2022年2月20日日曜日

応答と日常

 刺激的な本は、1行1行立ち止まっていて、手早く読み進められない。いま手に取った国分功一郎・熊谷晋一郎『〈責任〉の生成――中動態と当事者研究』(新曜社、2020年)がそれだ。わずか7頁の「まえがき――生き延びた先にある日常」に、ふつふつと湧き起こる。用いている言葉には「それはそうだ」と同意しながら、「でも、なんだろうという」疑問。使っている場面が(私の想定と)違うのか、私の用い方がヘンなのか。

 2カ所、そう感じた。ひとつは、「応答と反応」。

《応答とは何だろうか。
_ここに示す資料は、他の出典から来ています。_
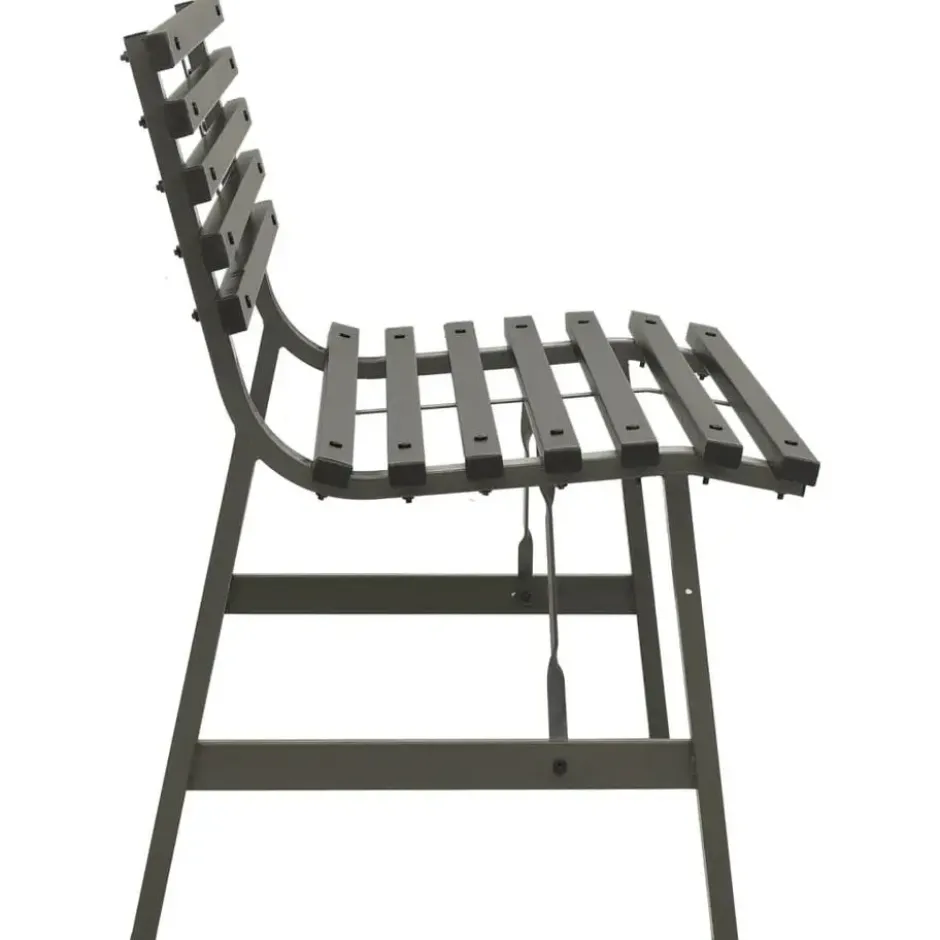 vidaXL - Tuinbank - Zwart - Staal - 110 cm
それは返事をすることだが、返事をするといっても応答において大切なのは、その人が、自分に向けられた行為や自分が向かい合った出来事に、自分なりの仕方で応ずることである。自分なりの仕方でというところが大切であって、決まり切った自動的な返事しかできていないのならば、その返事は応答ではなくて反応になってしまう。》

 これは、「それはそうだ」だ。「自分に向けられた行為や自分が向かい合った出来事」というのを、先日受けとった半世紀ほどの付き合いのあった友人の訃報とみると、それを知らせてくれたご遺族にどう「お悔やみ」を伝えるかが私の「応答」になる。
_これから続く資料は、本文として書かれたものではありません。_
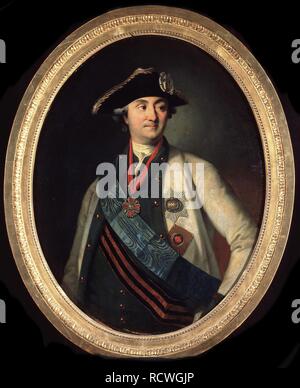 Ritratto del comandante in capo della flotta Conte Alexey Grigoryevich Orlov di Chesma (1737-1808). Museo: Membro Galleria Tretyakov di Mosca. Autore: Christineck, Carl Ludwig Johann. Foto Stock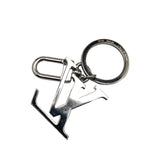 Silver Louis Vuitton Silver Plated LV Rainbow Key Ring and Bag Charm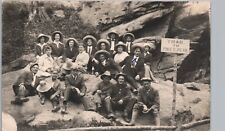 PIKE'S PEAK TRAIL PARTY real photo postcard rppc colorado co tourists fun picture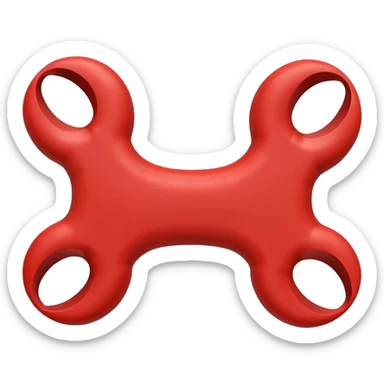 Doggy Rubber Bone sticker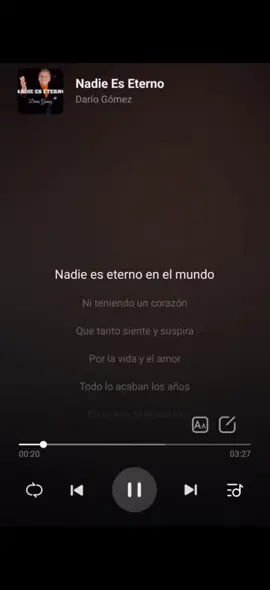 Nadie es Eterno en el mundo Dario Gomez #musicapopular #musica #despecho #musica #paratiiiiiiiiiiiiiiiiiiiiiiiiiiiiiii 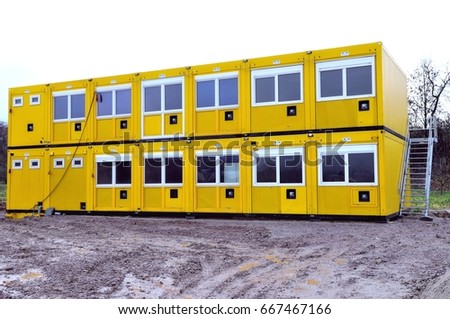 yellow Living containers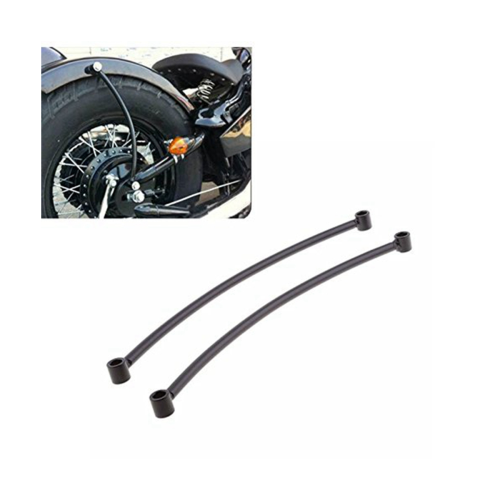Pair Rear Rail Support Bracket Mount Holder for (Black) 1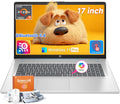 Ordinateur compact portable HP 2026 17 pouces tactile, Windows 11 Pro, Copilot AI, AMD Ryzen 5 7430U, écran tactile HD+ antireflet de 17,3 pouces, 32 Go de RAM, SSD de 2 To, charge rapide, webcam HD, Wi-Fi 6, Bluetooth 5.4, accessoires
《ハンナ・アレントは……自分なりの仕方で応答する可能性を人間の「複数性」と呼び、人間の条件の一つに数えた》

 というのは、よくわかる。手際よく「お悔やみ申し上げます」と書いて、お線香を同封して送るのでは、わが心持ちが済まない。そう感じて、1日、その友人が雑誌に載せた書評を読み返し、彼の言葉がわが身の裡にどう残っているかと半世紀の往来に思いを馳せる。
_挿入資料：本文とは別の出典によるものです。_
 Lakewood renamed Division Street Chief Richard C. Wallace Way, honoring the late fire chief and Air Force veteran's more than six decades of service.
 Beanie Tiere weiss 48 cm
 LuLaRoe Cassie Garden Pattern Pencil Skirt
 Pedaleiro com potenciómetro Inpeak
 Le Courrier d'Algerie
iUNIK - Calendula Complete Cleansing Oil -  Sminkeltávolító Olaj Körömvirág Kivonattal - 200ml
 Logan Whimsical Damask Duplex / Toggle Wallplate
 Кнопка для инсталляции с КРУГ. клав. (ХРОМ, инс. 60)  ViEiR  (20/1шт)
《うまく応答できないままでいることは、人間の複数性にうまく参加できていないことを意味する》

 と国分はいうけれども、そうだろうかと、市井の庶民の「(世の)習い」が思い浮かぶ。ハンナ・アレントは、ユダヤ人虐殺をしたアイヒマンの裁判を手がかりに(ごく平凡な人間の)「反応」がホロコーストを(主体的に)行ったとみているが、では、日頃の積み重ねで身の習いとして作り上げてきた「暮らし」の立ち居振る舞いは「反応」なのだろうか。

 国分は、その「反応」を「責任」へと転轍して、こう言う。

《そのときそこに現れているのは、応答のない、ただの反応に満たされた空間であろう。自分以外の他なるものが自分のために責任を果たしてくれることも、自分が自分以外の他なるものに責任を果たすこともない。》

《「責任」はしばしば重苦しくて、できれば避けたい義務という語感を持っている。しかし、責任が消失した空間を想像してみると、それはなんとつらく苦しいものだろうか》

 ハンナ・アレントの(イメージする)「人間の条件」に引きずられている言葉なのか、暮らしにおける「身の習い」をも包摂している言葉なのか。繰り返される「暮らし」の負担を担う心持ちを軽くするために、習慣化して身の無意識的応答に持ち込む日常にしているのが、「身の習い」ではないか。これは身を以て受け渡しする文化の伝承でもある。

 ここで、もうひとつの疑問が湧いてくる。「日常のとらえ方」。

《日常の捉え方を一つの基準としてさまざまな哲学を二つに分類することができるかもしれない。……ハイデッガーの哲学は日常からの脱出を考えた哲学である。それに対し、日常の成立をほとんど奇蹟のようなものとして捉え、それを獲得すべき状態と考える哲学もある》

 と、「日常」に焦点を合わせ、「本書の議論は後者の系譜に位置づけられる」と国分は述べる。私の二つ目の疑問にも、しっかりと照準を合わせている。これは、読むのが楽しみであるが、どう楽しみなのか。「日常の成立をほとんど奇蹟のようなもの」として私はとらえていない。もちろん80年近く無事に過ごしてきたことは「奇蹟のようなもの」とは思うが、「身に刻んで受け継いできた日常」である「身の習い」は、ヒトの暮らしの自然だと思っている。国分のイメージする「日常」は、どこに次元からみていることなのだろうか。これも疑問だ。

 あっ、そうか。ハンナ・アレントはハイデッガーのお弟子さんだった。彼女も「日常からの脱出」を考えていたとすると、一つ、解が見つかる。これは自然観の違いだ。魂と肉体を二元的にとらえて、動物的自然である肉体を克服し脱出すべきモノとみる自然観ならば、「反応」と「応答」との境目の置き方も、理知的、理性的な方へ偏る。だが、心身一如として、身に刻んで受け継いでゆく文化伝承とみる見方からすると、境目はグンと「身」の方へ寄ってくる。

 そうか、動物的自然に「暮らし」をおいてみると、いまこのように暮らしている「わたし」は奇蹟そのもの。日常を獲得するべき状態として勤しんできたこととの結果だ。国分も、艘考えているのかも知れないと、我田引水して、この後を読み進める。